On China’s economic growth slowing, Ms Murphy said growth rates of around seven per cent are still pretty robust for a large economy like China.
“What’s important for Australia though is the changing composition of growth within China,” she said.
“What we’ve seen over the last couple of years is the secondary industries in China start to come off faster than the rest of the economy.
“It’s the secondary industries that buy the goods that we sell…bulk commodities particularly iron ore and coal.”
The clock is ticking on Abbott’s leadership, according to ABC 7.30 Report Political Reporter, Chris Uhlmann.
Budget surprises and Prince Phillip’s knighthood has left the Prime Minister with a trust deficit in the community and the impression of being “a creature of the past,” Mr Ulhmann said.
Prime Minister Abbott’s own election declarations of a government with no surprises and no excuses, as well as no new taxes and no cuts to education and health, were measures by which he would later fail, he said.
“Tony Abbott left himself almost no room to move in Government simply by the things he said,” Mr Ulhman said.
“The budget has been catastrophic for both the Government and the economy in Australia.
“The Government had not done any of the spade work in preparing people for what were quite significant changes.
“So is it any surprise that the community actually reacts rationally to that which is: you haven’t told us anything about this, you told us there’d be no surprises.
“The two central problems that Tony Abbott had out of the budget were trust and fairness, and he hasn’t been able to repair that ever since.
“Then we had this event which crystallises in the mind of the community everything that they have worried about with Tony Abbott.”

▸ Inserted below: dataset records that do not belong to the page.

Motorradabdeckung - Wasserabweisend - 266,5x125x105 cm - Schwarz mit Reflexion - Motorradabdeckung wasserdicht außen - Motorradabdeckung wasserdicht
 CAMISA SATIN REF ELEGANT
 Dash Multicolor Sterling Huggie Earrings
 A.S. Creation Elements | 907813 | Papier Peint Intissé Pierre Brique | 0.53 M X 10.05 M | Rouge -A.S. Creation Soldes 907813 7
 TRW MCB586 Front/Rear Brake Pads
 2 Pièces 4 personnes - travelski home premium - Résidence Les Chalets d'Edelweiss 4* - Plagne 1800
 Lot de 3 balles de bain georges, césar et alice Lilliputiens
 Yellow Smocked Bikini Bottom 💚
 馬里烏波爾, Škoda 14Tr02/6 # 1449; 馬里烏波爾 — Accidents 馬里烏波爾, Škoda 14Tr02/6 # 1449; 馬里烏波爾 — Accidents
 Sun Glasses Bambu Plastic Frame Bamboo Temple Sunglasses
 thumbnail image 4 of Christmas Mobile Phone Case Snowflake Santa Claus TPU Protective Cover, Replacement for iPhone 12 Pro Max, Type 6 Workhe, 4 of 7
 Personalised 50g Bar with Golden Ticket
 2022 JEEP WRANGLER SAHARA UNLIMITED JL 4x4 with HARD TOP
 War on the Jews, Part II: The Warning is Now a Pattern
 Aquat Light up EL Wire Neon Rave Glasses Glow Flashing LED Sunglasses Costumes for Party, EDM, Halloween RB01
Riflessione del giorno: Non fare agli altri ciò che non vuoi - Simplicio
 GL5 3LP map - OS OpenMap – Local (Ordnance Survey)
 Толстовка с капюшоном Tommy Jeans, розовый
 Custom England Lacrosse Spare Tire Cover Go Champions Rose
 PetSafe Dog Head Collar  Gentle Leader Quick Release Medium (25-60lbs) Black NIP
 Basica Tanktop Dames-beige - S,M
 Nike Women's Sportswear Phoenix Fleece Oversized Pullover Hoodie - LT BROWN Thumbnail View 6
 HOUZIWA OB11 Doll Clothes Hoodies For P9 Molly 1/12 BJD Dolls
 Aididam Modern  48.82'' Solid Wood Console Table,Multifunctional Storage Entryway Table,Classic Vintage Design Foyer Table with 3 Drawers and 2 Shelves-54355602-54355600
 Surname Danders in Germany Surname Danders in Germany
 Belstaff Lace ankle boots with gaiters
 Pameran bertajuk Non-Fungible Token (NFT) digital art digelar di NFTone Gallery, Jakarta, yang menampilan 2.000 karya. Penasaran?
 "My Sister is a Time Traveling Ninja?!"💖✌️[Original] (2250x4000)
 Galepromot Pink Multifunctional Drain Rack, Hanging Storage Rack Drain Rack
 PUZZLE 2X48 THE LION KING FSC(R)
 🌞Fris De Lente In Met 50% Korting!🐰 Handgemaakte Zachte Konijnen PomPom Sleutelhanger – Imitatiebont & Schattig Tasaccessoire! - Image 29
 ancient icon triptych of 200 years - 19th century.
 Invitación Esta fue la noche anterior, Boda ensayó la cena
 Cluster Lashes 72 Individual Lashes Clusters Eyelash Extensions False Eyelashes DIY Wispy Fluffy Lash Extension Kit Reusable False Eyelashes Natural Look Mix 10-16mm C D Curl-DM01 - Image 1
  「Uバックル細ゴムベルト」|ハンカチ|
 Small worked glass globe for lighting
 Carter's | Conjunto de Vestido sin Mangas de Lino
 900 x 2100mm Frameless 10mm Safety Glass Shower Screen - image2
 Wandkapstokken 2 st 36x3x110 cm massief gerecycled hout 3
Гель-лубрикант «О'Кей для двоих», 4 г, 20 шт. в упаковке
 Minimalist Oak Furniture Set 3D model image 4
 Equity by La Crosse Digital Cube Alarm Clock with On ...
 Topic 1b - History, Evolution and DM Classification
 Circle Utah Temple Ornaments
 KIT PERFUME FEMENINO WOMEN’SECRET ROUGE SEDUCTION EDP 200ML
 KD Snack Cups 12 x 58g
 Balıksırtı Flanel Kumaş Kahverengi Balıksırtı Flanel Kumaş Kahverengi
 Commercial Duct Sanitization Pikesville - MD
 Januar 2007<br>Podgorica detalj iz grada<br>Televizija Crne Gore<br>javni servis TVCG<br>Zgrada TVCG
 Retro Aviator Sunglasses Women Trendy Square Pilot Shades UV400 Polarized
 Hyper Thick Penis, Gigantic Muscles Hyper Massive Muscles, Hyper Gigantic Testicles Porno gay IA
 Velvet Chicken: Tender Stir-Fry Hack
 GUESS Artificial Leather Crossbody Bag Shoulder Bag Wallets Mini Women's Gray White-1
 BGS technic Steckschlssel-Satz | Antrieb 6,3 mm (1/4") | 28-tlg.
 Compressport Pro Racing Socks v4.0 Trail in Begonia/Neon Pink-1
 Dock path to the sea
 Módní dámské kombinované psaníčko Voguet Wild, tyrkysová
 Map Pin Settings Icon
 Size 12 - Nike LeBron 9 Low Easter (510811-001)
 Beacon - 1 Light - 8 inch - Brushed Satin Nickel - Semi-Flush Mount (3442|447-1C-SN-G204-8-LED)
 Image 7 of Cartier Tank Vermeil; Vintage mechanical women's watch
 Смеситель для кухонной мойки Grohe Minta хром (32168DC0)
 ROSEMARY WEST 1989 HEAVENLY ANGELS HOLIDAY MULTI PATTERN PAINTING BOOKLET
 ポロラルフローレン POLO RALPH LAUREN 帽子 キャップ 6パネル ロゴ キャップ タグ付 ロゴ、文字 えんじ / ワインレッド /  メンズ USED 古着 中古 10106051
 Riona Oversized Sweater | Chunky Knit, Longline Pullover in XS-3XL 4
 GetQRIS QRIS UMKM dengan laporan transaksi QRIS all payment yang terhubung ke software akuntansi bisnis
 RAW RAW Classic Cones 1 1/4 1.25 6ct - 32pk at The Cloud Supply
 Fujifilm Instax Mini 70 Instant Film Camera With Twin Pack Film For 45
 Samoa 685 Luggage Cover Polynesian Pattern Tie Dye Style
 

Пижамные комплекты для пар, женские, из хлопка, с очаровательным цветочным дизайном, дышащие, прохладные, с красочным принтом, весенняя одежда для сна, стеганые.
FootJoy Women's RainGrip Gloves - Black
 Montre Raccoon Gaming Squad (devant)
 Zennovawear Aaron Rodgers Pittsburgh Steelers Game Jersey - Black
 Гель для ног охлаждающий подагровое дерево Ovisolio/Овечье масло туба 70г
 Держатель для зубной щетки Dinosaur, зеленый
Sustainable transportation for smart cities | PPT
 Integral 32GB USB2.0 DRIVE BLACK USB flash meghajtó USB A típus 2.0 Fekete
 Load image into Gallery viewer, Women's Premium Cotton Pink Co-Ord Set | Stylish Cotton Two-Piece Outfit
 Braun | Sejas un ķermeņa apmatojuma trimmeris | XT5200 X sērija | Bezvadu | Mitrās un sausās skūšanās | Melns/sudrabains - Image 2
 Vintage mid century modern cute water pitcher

Prince Phillip’s knighthood left the community with the impression “Tony Abbott is a creature of the past (and) that he has nothing to say about Australia’s future,” he said.
“Having set himself like that in people’s minds, the Coalition now believes there is no way that they can win an election campaign under Tony Abbott,” he said.
"Nothing is inevitable, but if the Prime Minister is still in his seat by September-November this year, I would be a little surprised.”
CEDA's Economic and Political Overview (EPO) is Australia's premier publication and series of briefings on the Australian economy and politics for the year ahead. Running for more than 30 years, the EPO brings together political, economic and business leaders and provides CEDA members with business intelligence on the environment they will be operating in over the next 12 months.
CEDA's 2015 EPO will provide economic and political forecasts and also examine funding options from the finance sector and some proposed market-based reforms and equity issues in Australia.